Анатоль был всегда доволен своим положением, собою и другими. Он был инстинктивно всем существом своим убежден в том, что ему нельзя было жить иначе, чем как он жил, и что он никогда в жизни не сделал ничего дурного. Он не был в состоянии обдумать ни того, как его поступки могут отозваться на других, ни того, что может выйти из такого или такого его поступка. Он был убежден, что как утка сотворена так, что она всегда должна жить в воде, так и он сотворен Богом так, что должен жить в тридцать тысяч дохода и занимать всегда высшее положение в обществе. Он так твердо верил в это, что, глядя на него, и другие были убеждены в этом и не отказывали ему ни в высшем положении в свете, ни в деньгах, которые он, очевидно, без отдачи занимал у встречного и поперечного.
Он не был игрок, по крайней мере никогда не желал выигрыша. Он не был тщеславен. Ему было совершенно всё равно, что бы об нем ни думали. Еще менее он мог быть повинен в честолюбии. Он несколько раз дразнил отца, портя свою карьеру, и смеялся над всеми почестями. Он был не скуп и не отказывал никому, кто просил у него. Одно, что он любил, это было веселье и женщины, и так как по его понятиям в этих вкусах не было ничего неблагородного, а обдумать то, что выходило для других людей из удовлетворения его вкусов, он не мог, то в душе своей он считал себя безукоризненным человеком, искренно презирал подлецов и дурных людей и с спокойной совестью высоко носил голову.
У кутил, у этих мужских магдалин, есть тайное чувство сознания невинности, такое же, как и у магдалин женщин, основанное на той же надежде прощения. «Ей всё простится, потому что она много любила, и ему всё простится, потому что он много веселился».
Долохов, в этом году появившийся опять в Москве после своего изгнания и персидских похождений, и ведший роскошную игорную и кутежную жизнь, сблизился с старым петербургским товарищем Курагиным и пользовался им для своих целей.
Анатоль искренно любил Долохова за его ум и удальство. Долохов, которому были нужны имя, знатность, связи Анатоля Курагина для приманки в свое игорное общество богатых молодых людей, не давая ему этого чувствовать, пользовался и забавлялся Курагиным. Кроме расчета, по которому ему был нужен Анатоль, самый процесс управления чужою волей был наслаждением, привычкой и потребностью для Долохова.
Наташа произвела сильное впечатление на Курагина. Он за ужином после театра с приемами знатока разобрал перед Долоховым достоинство ее рук, плеч, ног и волос, и объявил свое решение приволокнуться за нею. Что могло выйти из этого ухаживанья – Анатоль не мог обдумать и знать, как он никогда не знал того, что выйдет из каждого его поступка.
– Хороша, брат, да не про нас, – сказал ему Долохов.
– Я скажу сестре, чтобы она позвала ее обедать, – сказал Анатоль. – А?
– Ты подожди лучше, когда замуж выйдет…
– Ты знаешь, – сказал Анатоль, – j'adore les petites filles: [обожаю девочек:] – сейчас потеряется.
– Ты уж попался раз на petite fille [девочке], – сказал Долохов, знавший про женитьбу Анатоля. – Смотри!
– Ну уж два раза нельзя! А? – сказал Анатоль, добродушно смеясь.

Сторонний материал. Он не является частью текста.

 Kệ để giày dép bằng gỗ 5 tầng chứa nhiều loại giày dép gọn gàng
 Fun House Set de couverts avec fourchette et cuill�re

Следующий после театра день Ростовы никуда не ездили и никто не приезжал к ним. Марья Дмитриевна о чем то, скрывая от Наташи, переговаривалась с ее отцом. Наташа догадывалась, что они говорили о старом князе и что то придумывали, и ее беспокоило и оскорбляло это. Она всякую минуту ждала князя Андрея, и два раза в этот день посылала дворника на Вздвиженку узнавать, не приехал ли он. Он не приезжал. Ей было теперь тяжеле, чем первые дни своего приезда. К нетерпению и грусти ее о нем присоединились неприятное воспоминание о свидании с княжной Марьей и с старым князем, и страх и беспокойство, которым она не знала причины. Ей всё казалось, что или он никогда не приедет, или что прежде, чем он приедет, с ней случится что нибудь. Она не могла, как прежде, спокойно и продолжительно, одна сама с собой думать о нем. Как только она начинала думать о нем, к воспоминанию о нем присоединялось воспоминание о старом князе, о княжне Марье и о последнем спектакле, и о Курагине. Ей опять представлялся вопрос, не виновата ли она, не нарушена ли уже ее верность князю Андрею, и опять она заставала себя до малейших подробностей воспоминающею каждое слово, каждый жест, каждый оттенок игры выражения на лице этого человека, умевшего возбудить в ней непонятное для нее и страшное чувство. На взгляд домашних, Наташа казалась оживленнее обыкновенного, но она далеко была не так спокойна и счастлива, как была прежде.
В воскресение утром Марья Дмитриевна пригласила своих гостей к обедни в свой приход Успенья на Могильцах.
– Я этих модных церквей не люблю, – говорила она, видимо гордясь своим свободомыслием. – Везде Бог один. Поп у нас прекрасный, служит прилично, так это благородно, и дьякон тоже. Разве от этого святость какая, что концерты на клиросе поют? Не люблю, одно баловство!
Марья Дмитриевна любила воскресные дни и умела праздновать их. Дом ее бывал весь вымыт и вычищен в субботу; люди и она не работали, все были празднично разряжены, и все бывали у обедни. К господскому обеду прибавлялись кушанья, и людям давалась водка и жареный гусь или поросенок. Но ни на чем во всем доме так не бывал заметен праздник, как на широком, строгом лице Марьи Дмитриевны, в этот день принимавшем неизменяемое выражение торжественности.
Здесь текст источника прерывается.